Previous work: GA offers a video with few specifics about the proposed pilot concept. Some elements of the design, however, were previously explored in a paper published in the journal Nuclear Fusion in March 2021: ”The Advanced Tokamak Path to a Compact Net Electric Fusion Pilot Plant.” GA shared the article, saying in March 2021 that it described “a new design for a compact fusion reactor that can generate electricity and help define the technology necessary for commercial fusion power.” That design targeted net electricity of 200 MWe.
The paper was prepared by researchers at the DIII-D National Fusion Facility, which is operated by GA as a national user facility for the Department of Energy’s Office of Science. The researchers stated that “what is needed is a facility that can proof out the requirements and approach—a pilot plant—to establish the basis for successor low [cost of electricity] devices. Critical is to show that the energy loop can be closed with net electricity generation (somewhat arbitrarily targeting 200 MWe in this study).”
Modeling and material innovation: This year, GA has continued its fusion energy research and development efforts, announcing a modular breeding blanket concept called GAMBL (for GA Modular Blanket) in July. According to GA, using GAMBL’s silicon carbide–tungsten material for interior surfaces of the tokamak offers superior heat-removal capabilities and durability, compared with conventional steel or low-activation steel.
Also in July, GA announced a joint research partnership with Savannah River National Laboratory to address challenges of tritium handling as part of the U.S. Department of Energy’s Innovation Network for Fusion Energy (INFUSE) grant program.
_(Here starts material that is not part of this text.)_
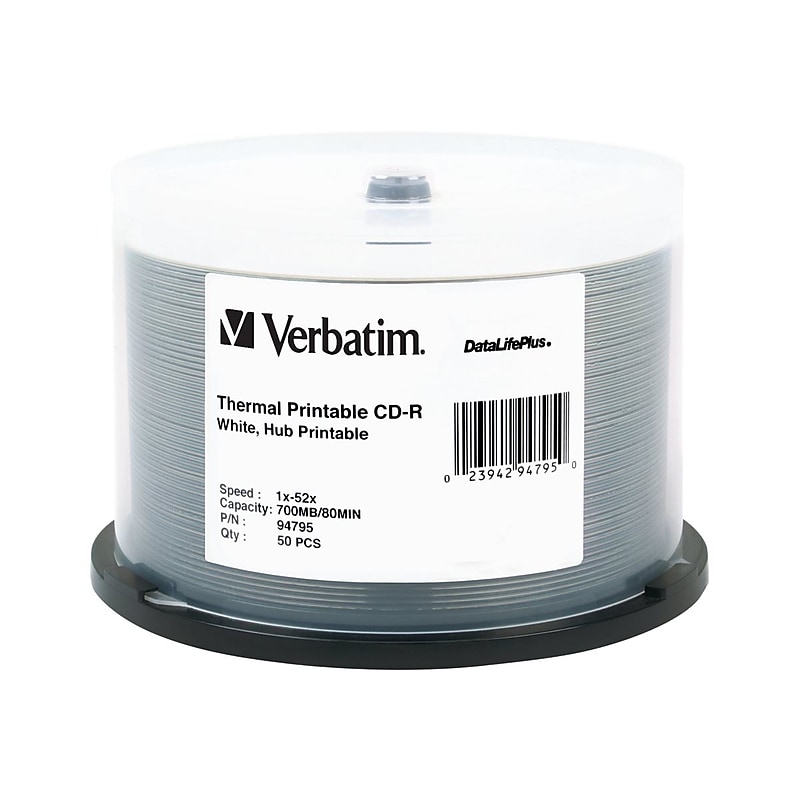Verbatim DataLifePlus 94795 52x CD-R, White Thermal Printable, Hub Printable, 50/Pack image 1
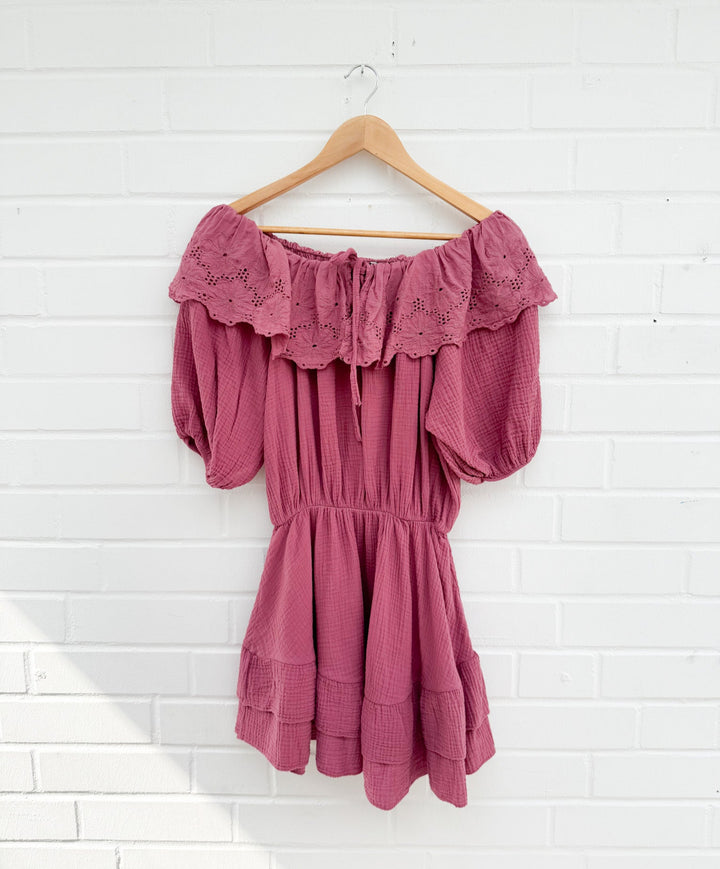 OFF SHOULDER MUSSELIN COLOR IBIZA KLEID - versch. Farben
“General Atomics has a long and storied history of being at the forefront of fusion innovations,” said Brian Grierson, director of GA’s Fusion Pilot Plant Hub. “We are proud to be a world leader in plasma theory and modeling, advanced materials engineering, and other areas necessary for commercializing fusion. We intend to bring the full strength of our institutional expertise to this effort as we advance our vision for fusion energy.”